Rare Celestial Event: Asteroid 2024 PT5 to Become Earth’s Temporary Mini-Moon
In a rare celestial occurrence, asteroid 2024 PT5, which is heading towards Earth, is set to have an unusual fate. Instead of smashing through Earth’s atmosphere like many other asteroids, 2024 PT5 is expected to be temporarily trapped in Earth’s orbit, becoming a “mini-moon.”
However, this mini-moon status will last only for about two months.
Discovered on August 7 by astronomers Carlos de la Fuente Marcos and Raúl de la Fuente Marcos from Complutense University of Madrid using NASA’s Asteroid Terrestrial-Impact Last Alert System (ATLAS), asteroid 2024 PT5 is approximately 10 meters (33 feet) in diameter. According to a report published in the Research Notes of the American Astronomical Society, the asteroid will be captured by Earth’s gravitational pull between September 29 and November 25.
During this period, 2024 PT5 will orbit Earth but won’t complete a full loop. After two months, it will escape Earth’s gravity and resume its path around the Sun, continuing its journey through the Solar System.

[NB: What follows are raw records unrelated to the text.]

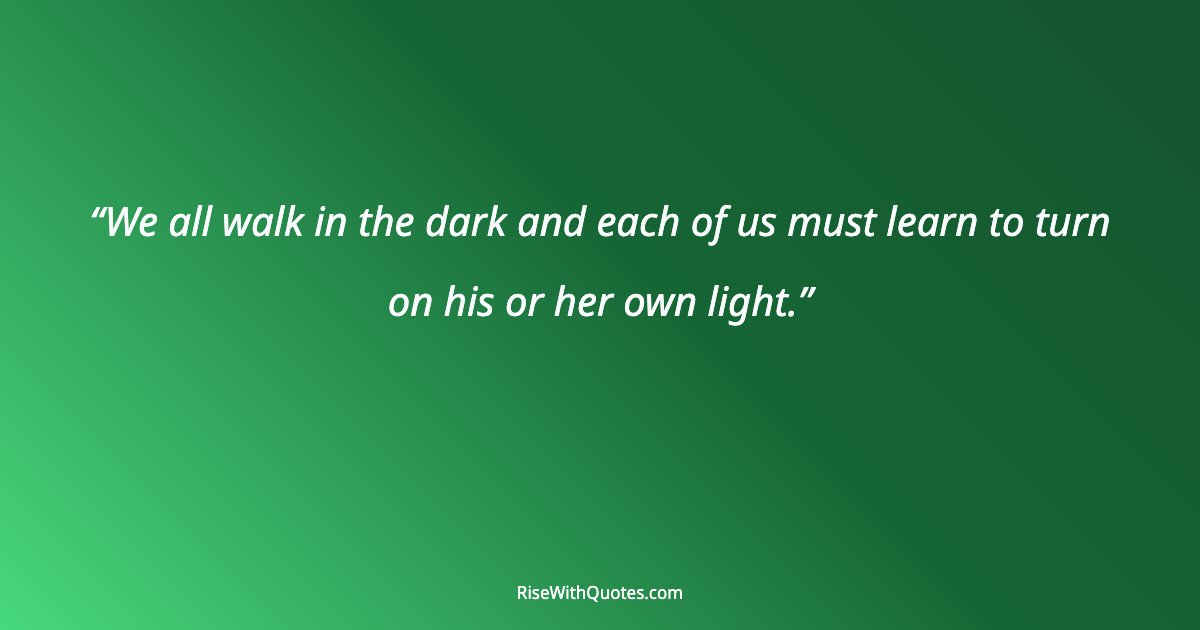 We all walk in the dark and each of us must learn to turn on his or her own light.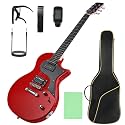 Electric Guitar Beginner Guitar 40.2 Inch Solid Poplar Body Maple Neck Laurel Fingerboard HH Pickups Les Paul Style with Gig Bag Tuner Capo (Color Options) (Red)
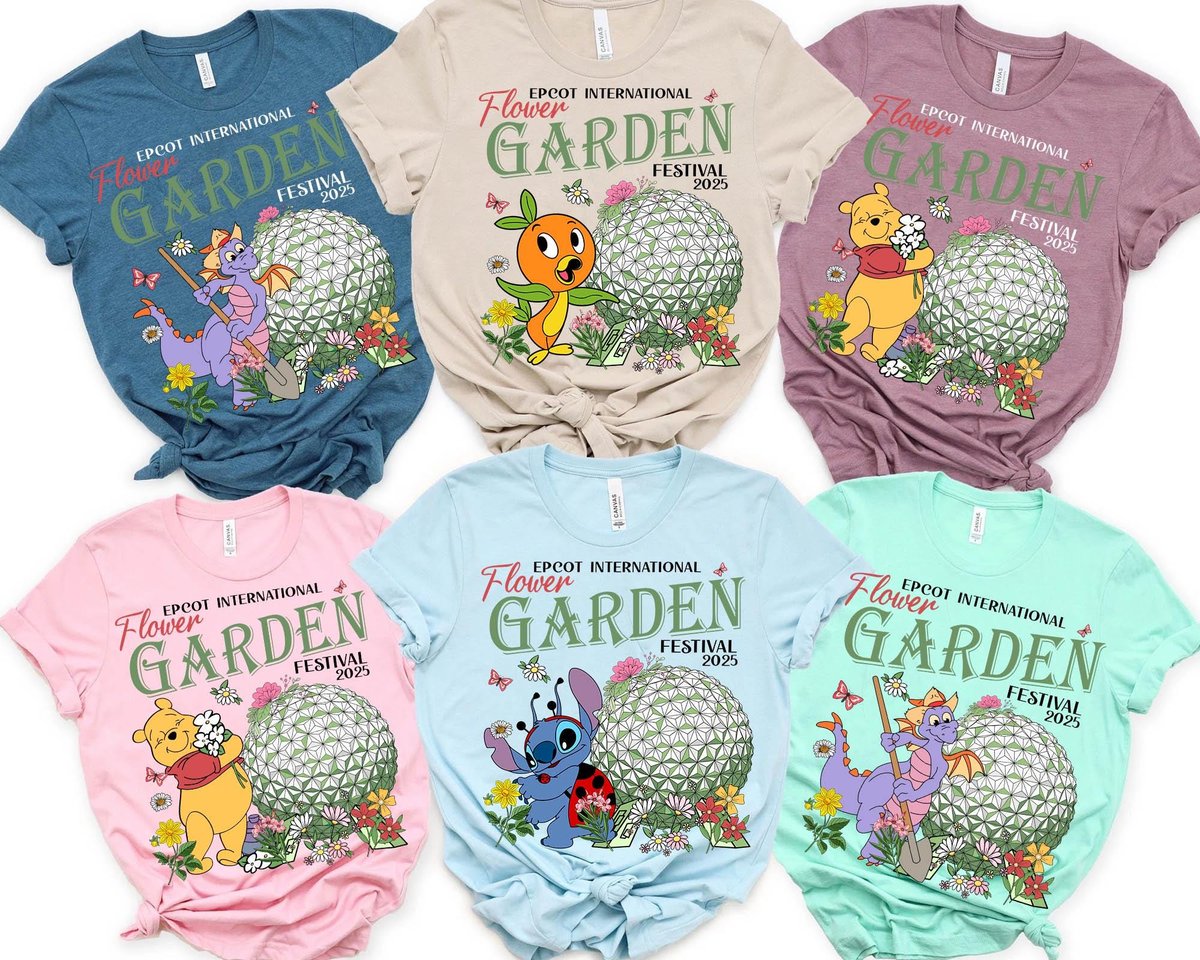 Disney Epcot Flower Garden Festival Shirt Orange Bird Stitch Pooh Tee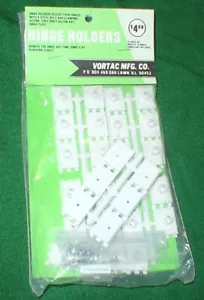 VORTAC MFG CO HINGE HOLDERS, 30 PIECE SET, MOUNTS 15 HINGES, NOS, NIP, VINTAGE - Picture 1 of 4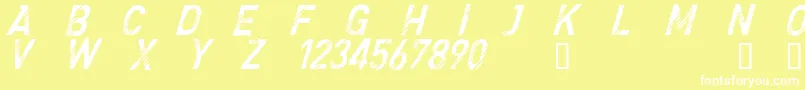 Шрифт CfdenimjeansRegular – белые шрифты на жёлтом фоне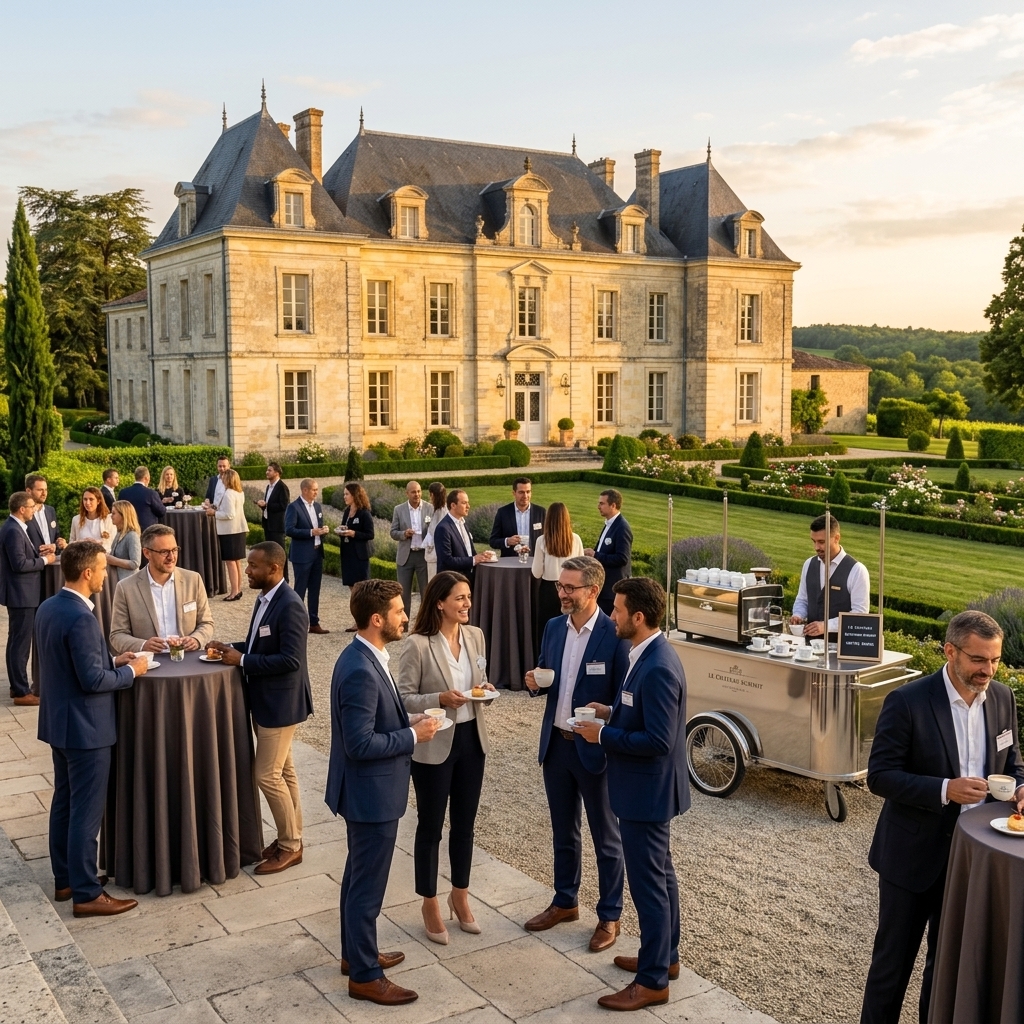 Cocktail et networking d'entreprise devant le château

For a total of 56.6 days, Earth will have two moons.
“It is pretty cool,” said Federica Spoto, an asteroid dynamics researcher at the Center for Astrophysics, Harvard & Smithsonian. “2024 PT5 will help scientists better understand asteroids that come close to Earth—some of which occasionally collide with it,” she added.
Although 2024 PT5 is unlikely to be artificial or just space debris, researchers note that it is too dim to be seen with the naked eye, with an absolute magnitude of 27.6. According to Paul Chodas, director of NASA’s Center for Near-Earth Object Studies, 2024 PT5 might even be a fragment of the moon, possibly ejected during a past lunar impact.
The asteroid is expected to make multiple returns as a mini-moon, including brief visits in January 2025 and again in 2055.